Is there a way to make dado cuts with a TS without the throat plate…i.e. a dado sled? All the TS sled vids I saw, the TS had a plate in place.

Do.I bring the saw back and get something else? this would suck due to price. If so what saw?

Any advice appreciated


----------



## vikingcape (Jan 3, 2013)

I had a skilsaw table saw that was similar (before I got my craftsman contractor saw). I could run a half inch dado on it and could not find a throat plate for mine. My solution was to make a sled and I ran it with the throat plate off, just please be careful. I'm not sure of the runner sizes that you have on that. So if the runners are non standard size and have tabs, then make it so the runners go on the outside of the saw. It should work. If this is too much trouble, you can do dados with a router (if you have one, if not they make a good christmas present, or birthday or whatever). Hope this helps.

And welcome to Lumberjocks


----------



## Orlando (Dec 2, 2013)

If I kept the saw and also picked up a router..what kind of setup would I need (table? etc)... within reason of course.


----------



## verdesardog (Apr 2, 2011)

In your case I would use a router to make the dados. Or you could make your own plates with 1/8 plywood, I have made several zero clearance plates for my saw. Just rough cut with a jig saw then use your OEM plate as a jig and a bearing guided router bit for the final cut.

install the home made plate with the saw blade down, raise the blade with the saw running to cut a zero clearance opening in your wood plate. It's best to add something under the back of the plate to keep it from pulling up in the rear…..glue a block under the plate that will contact the underside of the table.


----------



## Orlando (Dec 2, 2013)

Will 1/8" ply be safe?


----------



## crank49 (Apr 7, 2010)

1/8" ply would not be safe in my opinion. However, It could be backed up with more layers of something thicker and stronger if the backing is kept a small distance away from the edge.
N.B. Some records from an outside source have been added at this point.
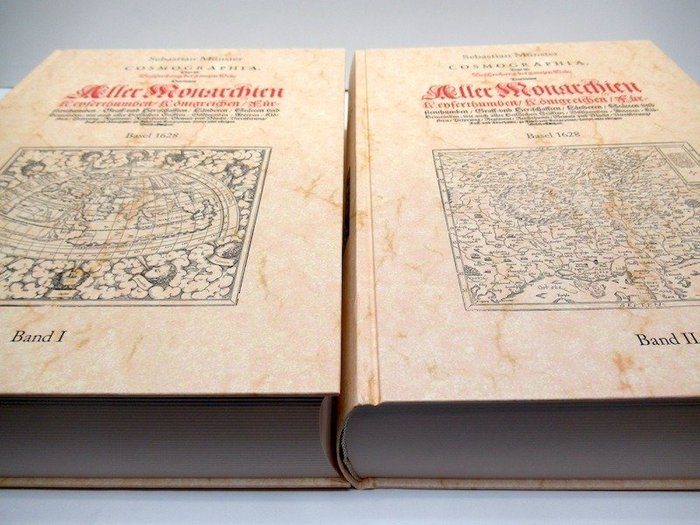 World - Verden i 1620; Sebastian Münster - Cosmographia, Die Beschreibung der ganzen Welt - Facsimile 2021 - 1601-1620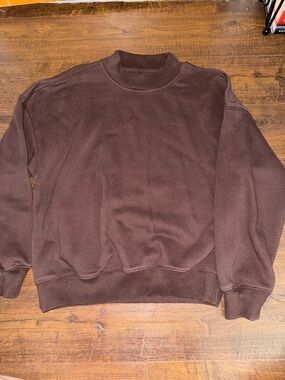 Abercrombie Sunday Mockneck Crew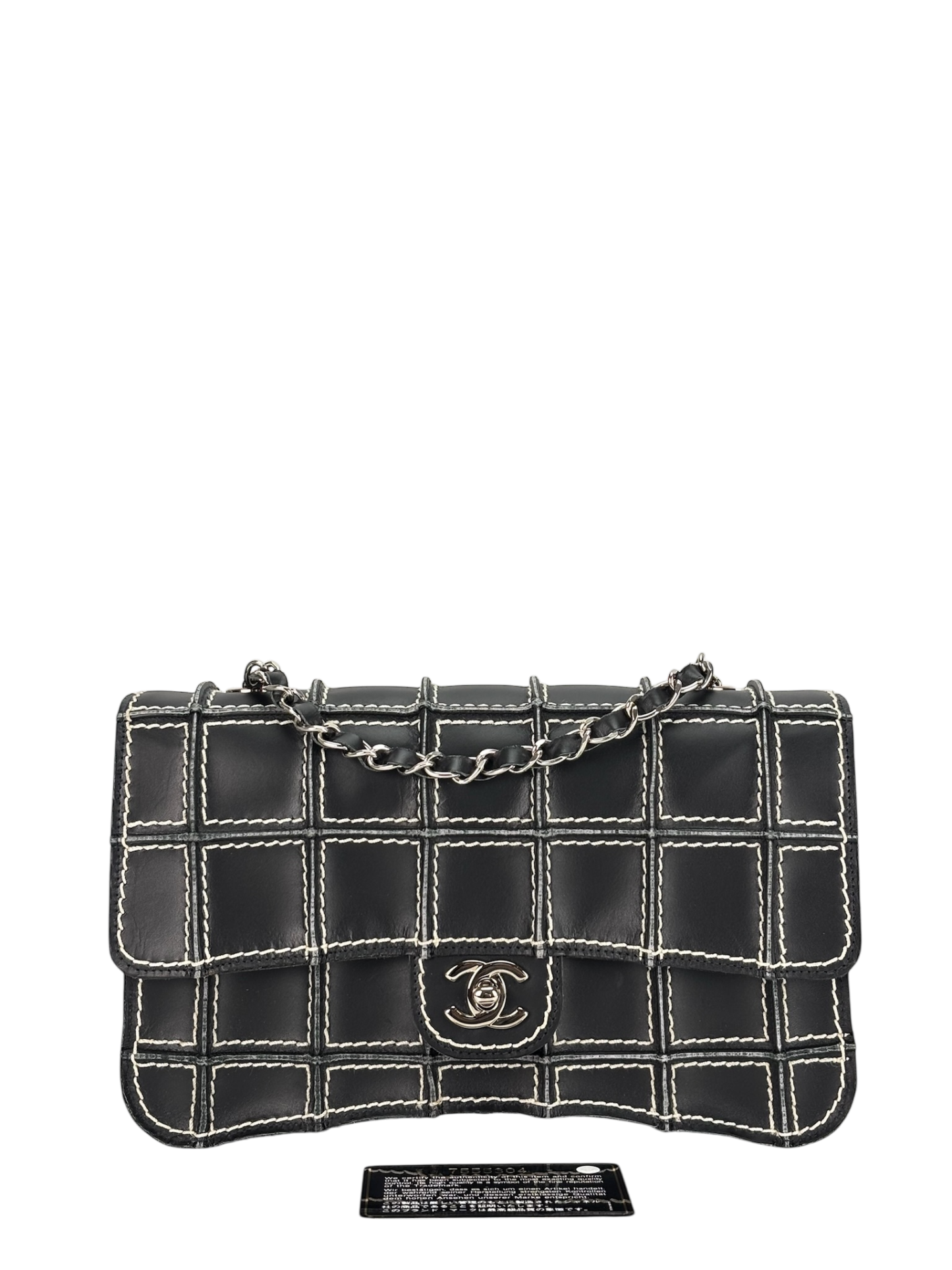 CHANEL - Black Calfskin 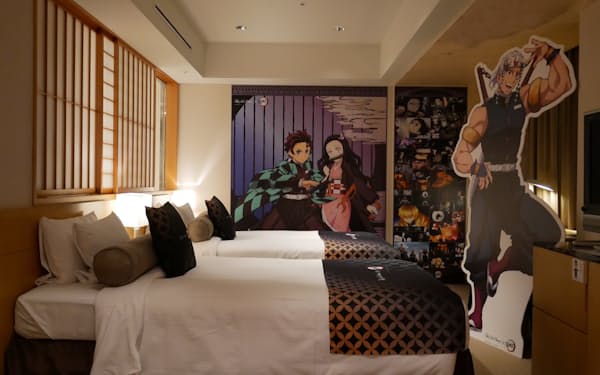 「ホテルニューオータニ」（東京・千代田）など、全国６ホテルでアニメ「鬼滅の刃」とコラボする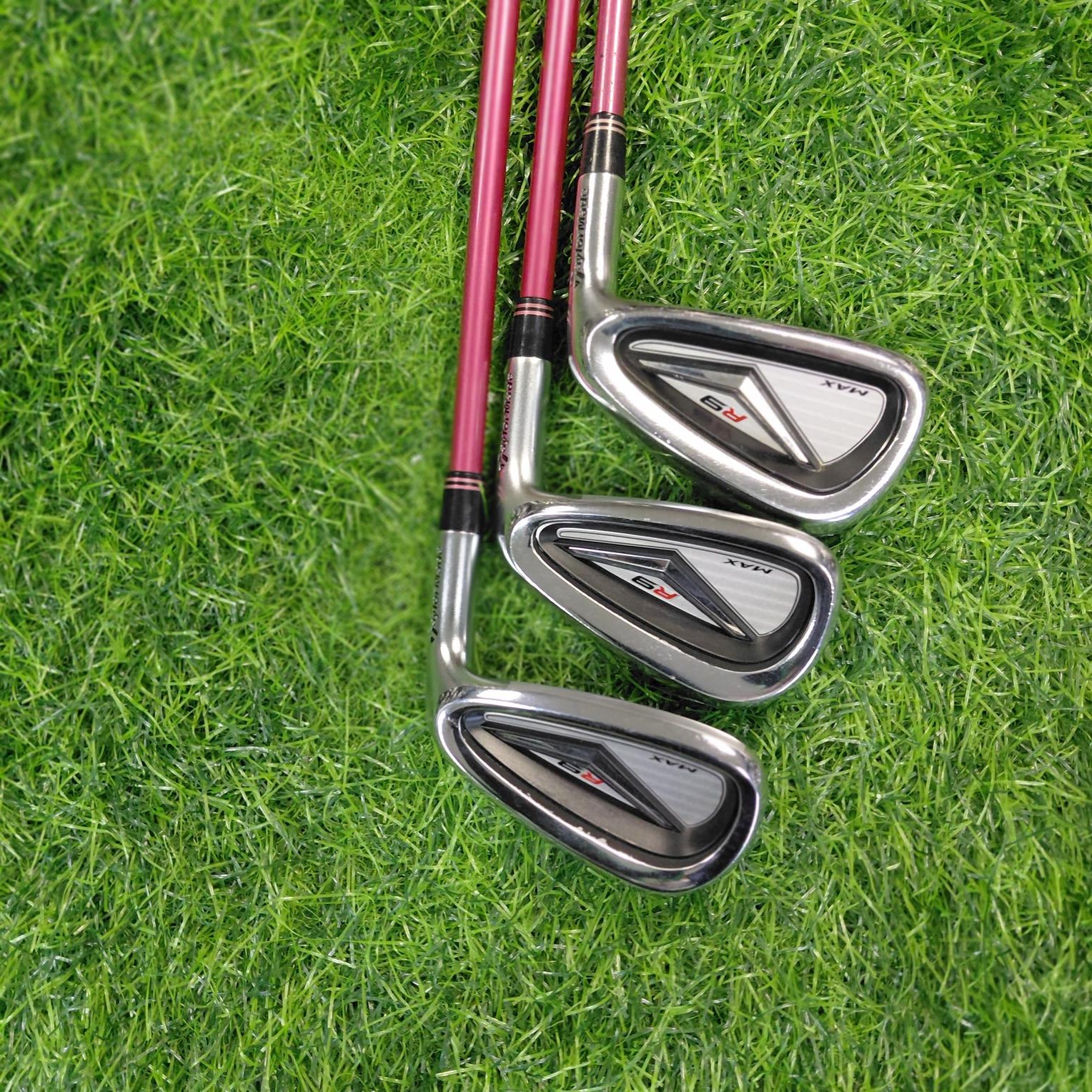 TaylorMade Iron Set / R9 MAX / 6pcs / Women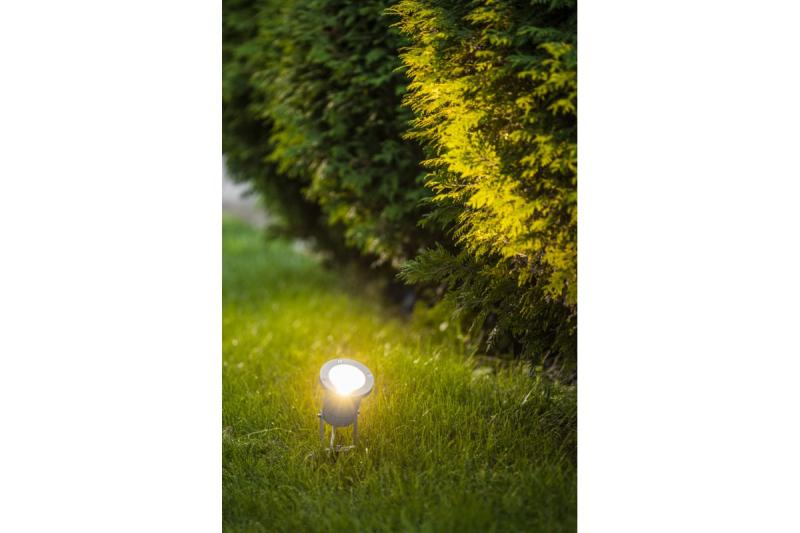 Decor Záhradné svietidlo DIEGO GU10 MAX. 35W IP65 AC220-240V 50/60Hz sivé. 1208963866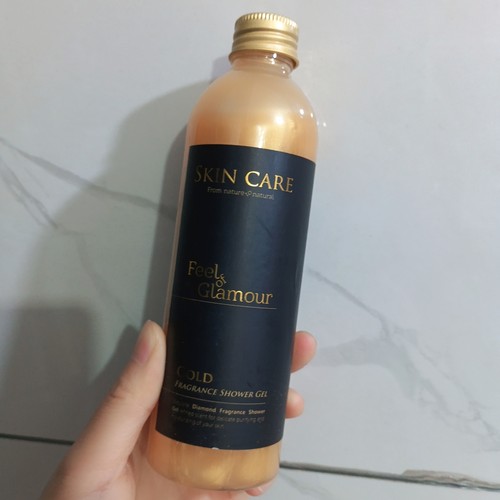 skin care/黄金贵妇钻石香氛沐浴露250ml滋润保湿持久留香沐浴乳
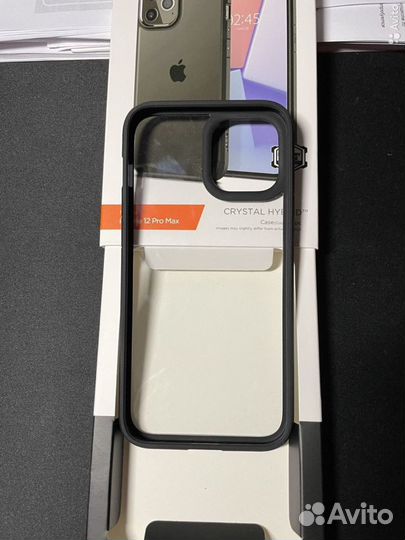 Чехол-накладка Spigen Crystal Hybrid (ACS01477) дл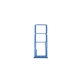 SIM/SD държач за Samsung A21s A217F, GH98-45392C, син, Blue, Genuine Service Pack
I made my own zero clearance throat plate for my hybrid table saw (Craftsman 21833, same as Ridgid 4512), from 1/8" aluminum plate. Cut it out with a jigsaw, sanded it to exact size, mounted it on saw with blade fully retracted. Then clamped a sheet of plywood over the top and then raised the blade after turning it on.

Don't see why the same procedure would not work with a dado blade. If the thought of raising a running dado blade into a sheet of aluminum makes you uneasy, just use the regular blade to mark the location then trim it out with a jig saw; a little at a time.


----------



## Shoedawg (Dec 4, 2013)

Orlando,

I was in the same dilemma as you were. I was working on a project that required numerous dado's, and wanted to used my TS. Thing is my TS only can only support a 1/2" dado set. So I went with a router and made a dado jig. Worked great. Jig was made with some scrap I had laying around.


----------



## Craftsman70 (Jul 31, 2012)

I second making a dado jig and using a router.


----------



## dbray45 (Oct 19, 2010)

I used 1/8" Masonite for a Craftsman saw I had - make about 4 of them - after you make the first one that works.

If that isn't strong enough use a sled over it.


----------



## Orlando (Dec 2, 2013)

Is a router jig universal or doyou make a new jig for each type of cut you willbe making? Does having the jig negate the need for a router table?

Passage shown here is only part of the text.